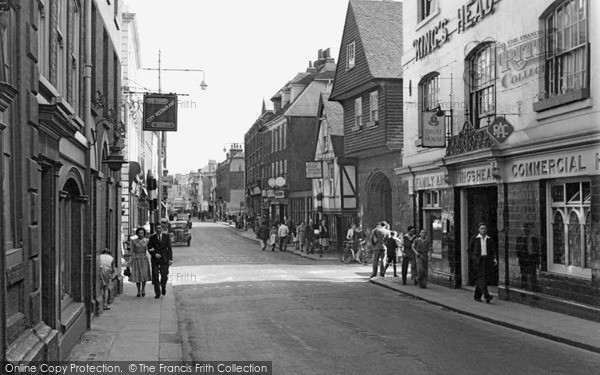 Photo of Rochester, High Street And College Gate c.1955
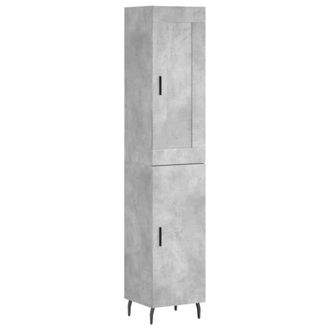 Berkfield Home Highboard Concrete Grey 34.5x34x180 cm Engineered Wood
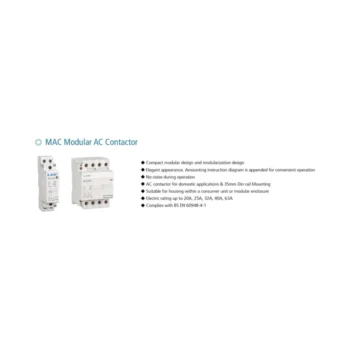 Live Electrical MAC4P32 Live Electrical MAC4P32 32A Modular AC Contractor 4 Pole NO 2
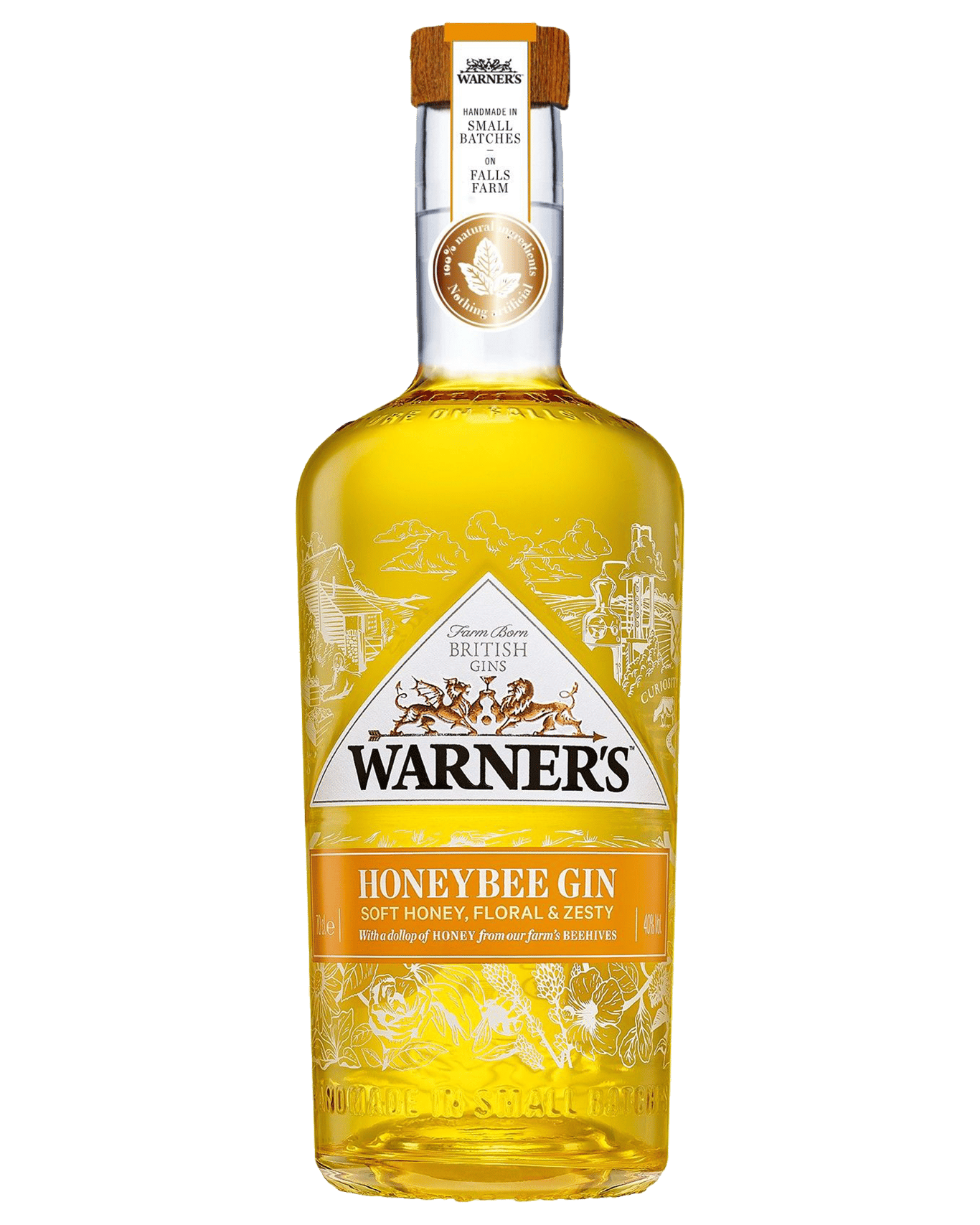 Bottle of Warner’s Honeybee Gin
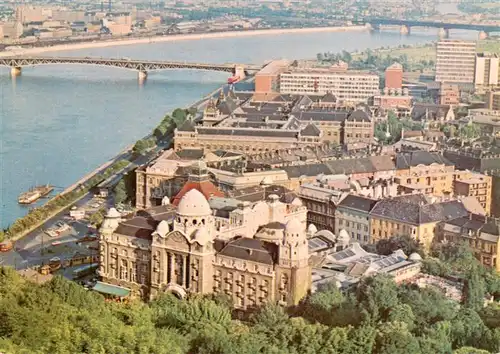 AK / Ansichtskarte  Budapest_HU Ansicht mit dem Hotel Gellert 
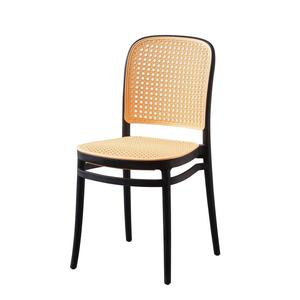 Sillas Apilables de Ratán Plástico para Exteriores, Modernas, con Respaldo de PP, para Restaurante, Cafetería, Apartamento - Product Image 4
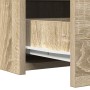 Mesa de tocador colgante de roble Sonoma 60x40x70 cm de , Tocadores para dormitorios - Ref: Foro24-865192, Precio: 66,02 €, D...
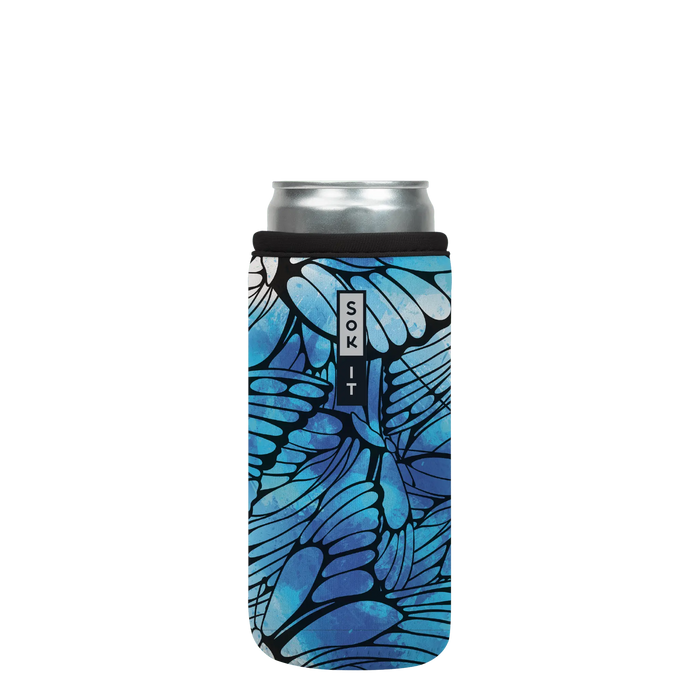 Sok-It CanSok - Butterfly Oasis 12oz-Slim-Can 12.99 CanSok-Animal Prints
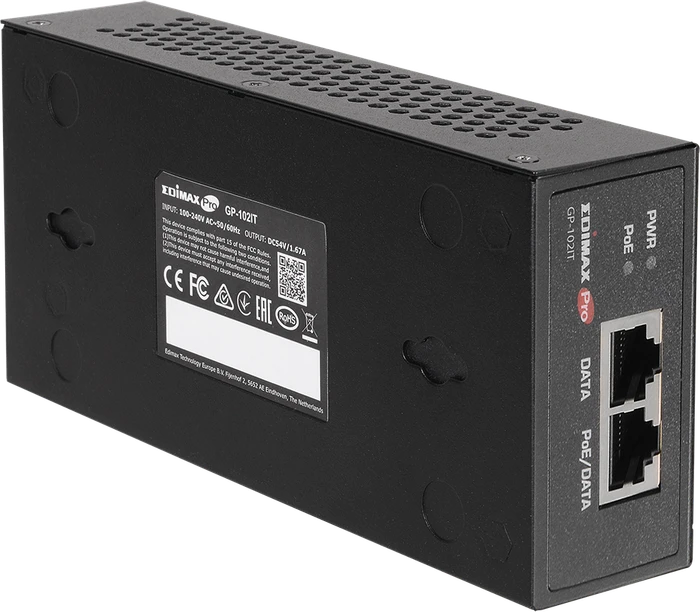 Edimax Desktop Gigabit PoE-Injektor, 2x RJ-45, 60W PoE++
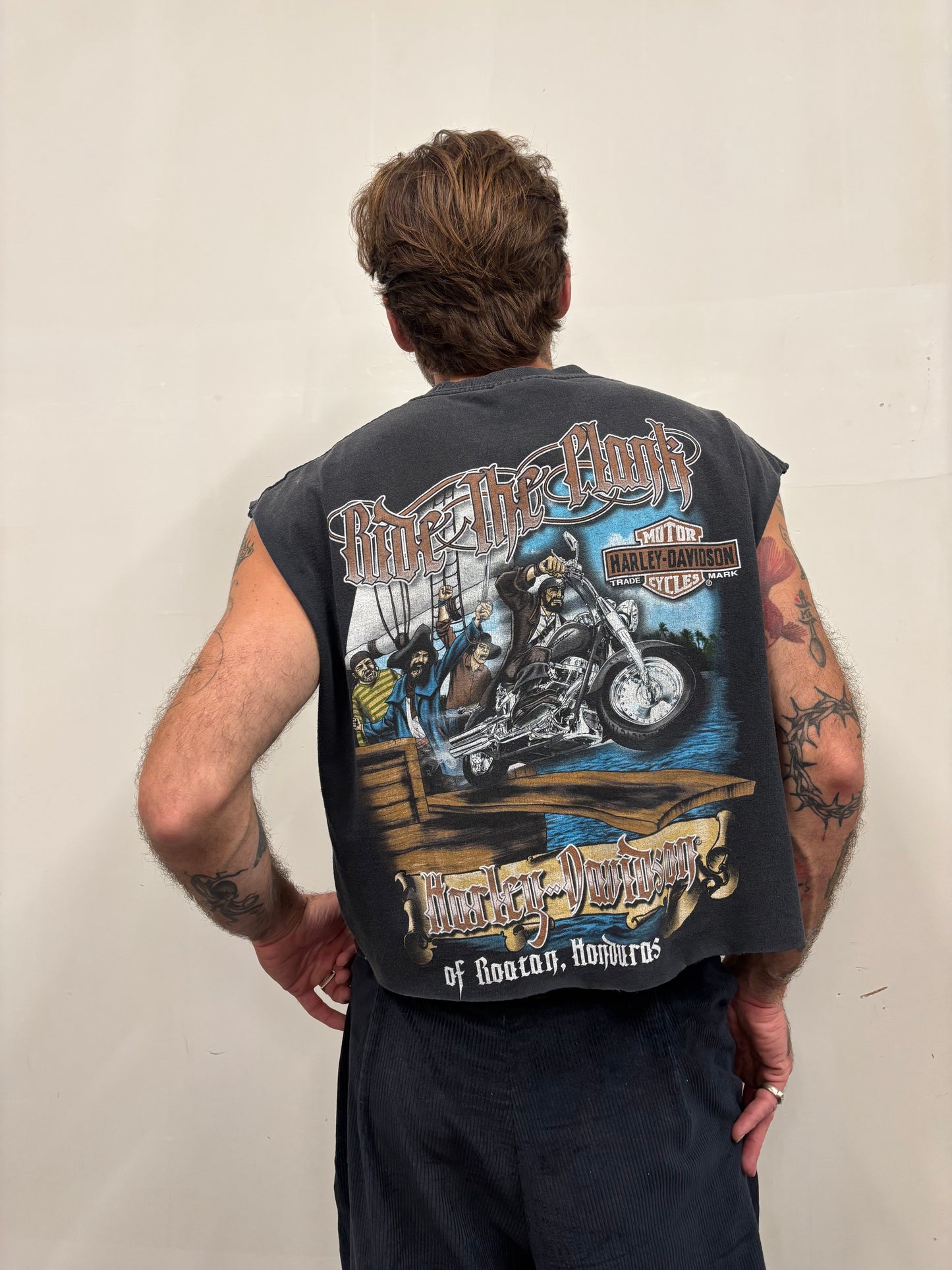 Reworked Harley Davidson Crop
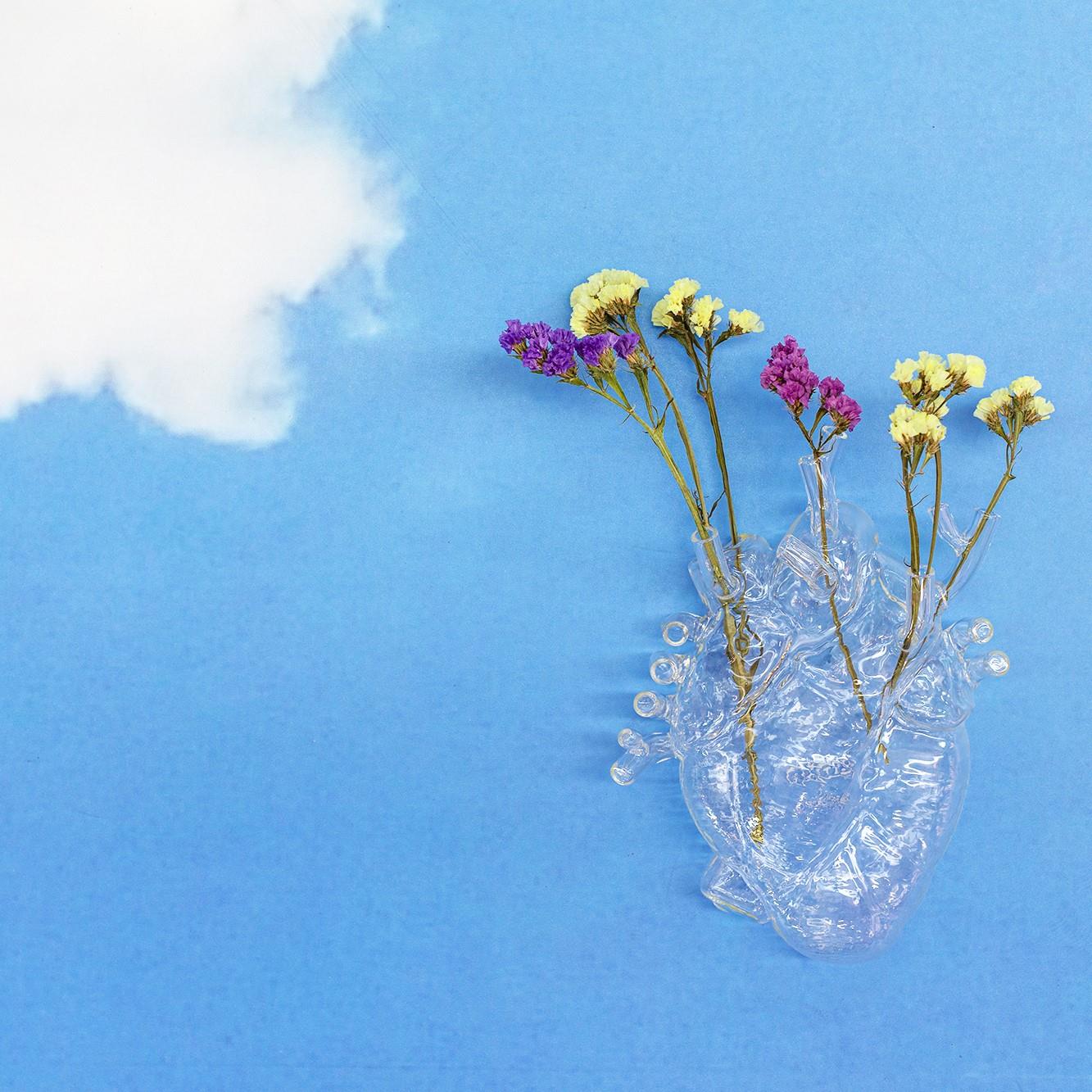 Seletti Love In Bloom Vaas - Transparant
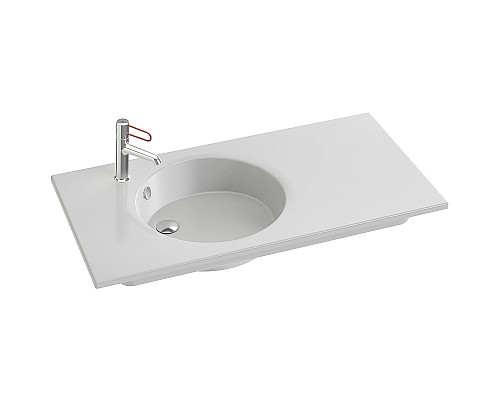 Раковина Jacob Delafon Odeon Rive Gauche 100 EXAU112-Z-00 Белая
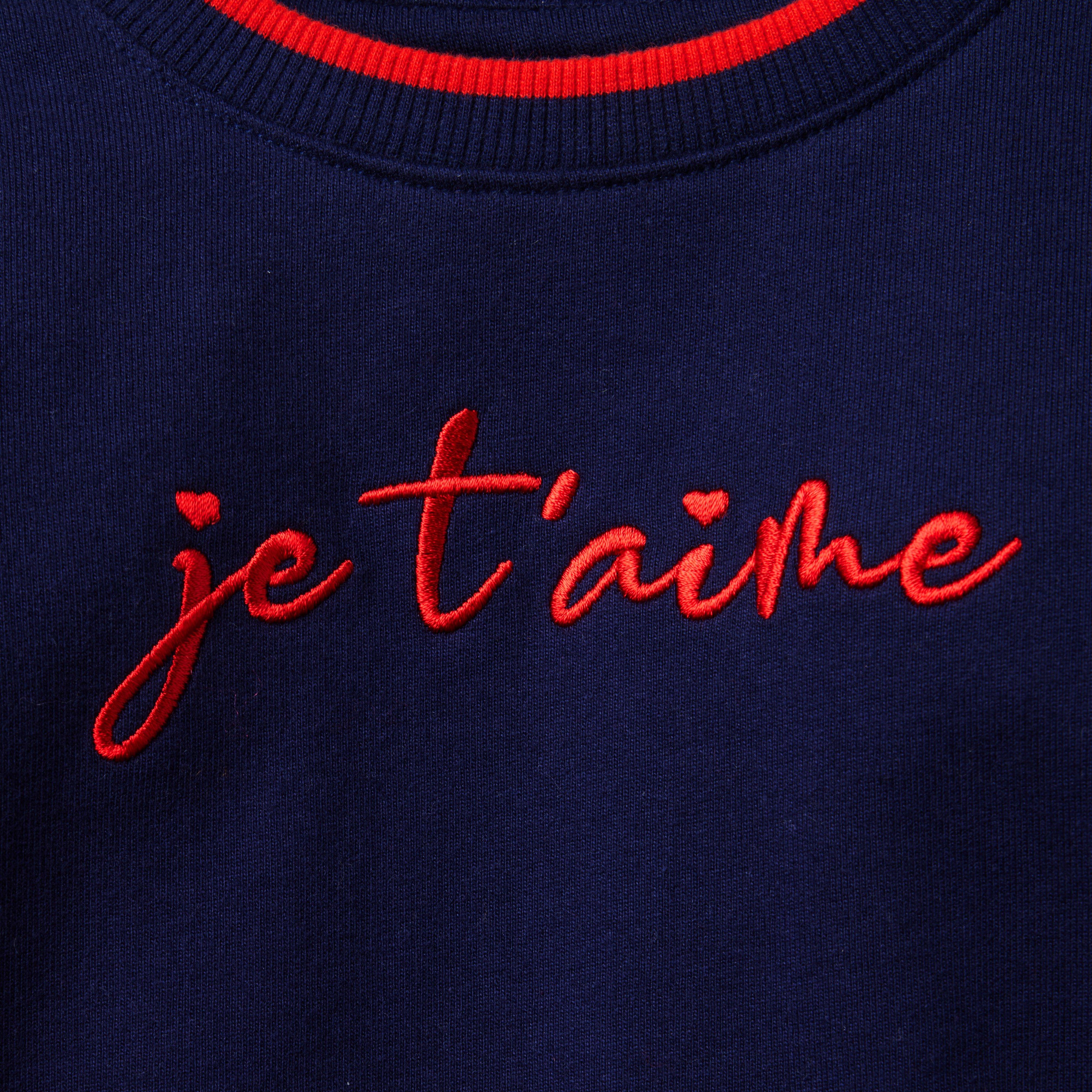 Embroidered Je T'aime Sweatshirt image number 2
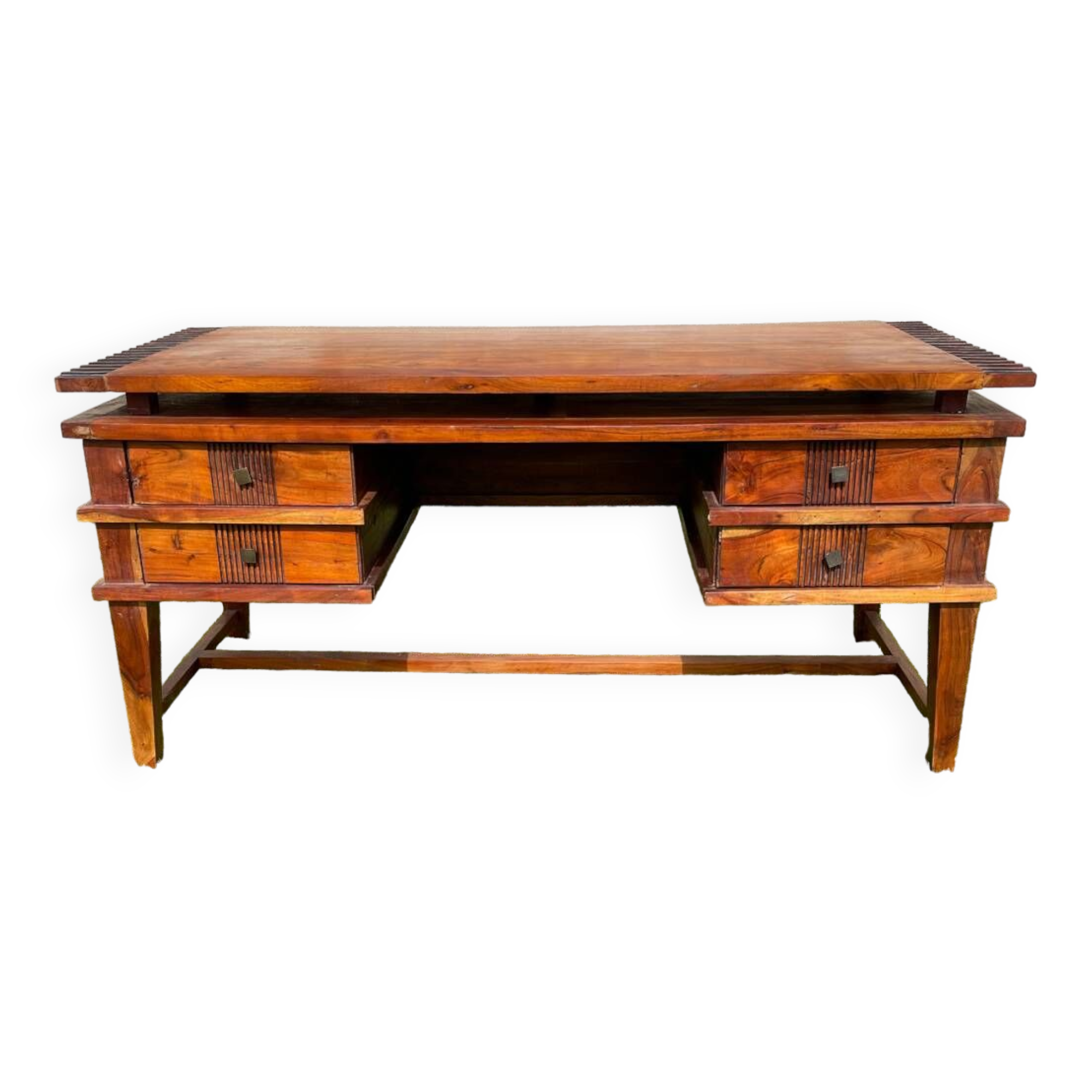 Vintage exotic wood desk 80/90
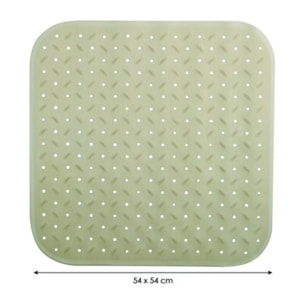 Tapis Fond de douche antidérapant Caoutchouc CLASS 54x54cm Beige MSV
■ ■ ■
WORK ITEM → Could you write out exactly the lines from the line containing "Berkfield Home Highboard" to the end of the material, and nothing else? No pictures belong in the copy.

RESPONSE BELOW →
 Berkfield Home Highboard Concrete Grey 34.5x34x180 cm Engineered Wood
 Live Electrical MAC4P32 Live Electrical MAC4P32 32A Modular AC Contractor 4 Pole NO 2
 Bottle of Warner’s Honeybee Gin
 AK / Ansichtskarte  Budapest_HU Ansicht mit dem Hotel Gellert 
 Sillas Apilables de Ratán Plástico para Exteriores, Modernas, con Respaldo de PP, para Restaurante, Cafetería, Apartamento - Product Image 4
 Mesa de tocador colgante de roble Sonoma 60x40x70 cm de , Tocadores para dormitorios - Ref: Foro24-865192, Precio: 66,02 €, D...
 Sok-It CanSok - Butterfly Oasis 12oz-Slim-Can 12.99 CanSok-Animal Prints
 Edimax Desktop Gigabit PoE-Injektor, 2x RJ-45, 60W PoE++
 Reworked Harley Davidson Crop
 Seletti Love In Bloom Vaas - Transparant
 Раковина Jacob Delafon Odeon Rive Gauche 100 EXAU112-Z-00 Белая
 Embroidered Je T'aime Sweatshirt image number 2
 Vintage exotic wood desk 80/90
 Tapis Fond de douche antidérapant Caoutchouc CLASS 54x54cm Beige MSV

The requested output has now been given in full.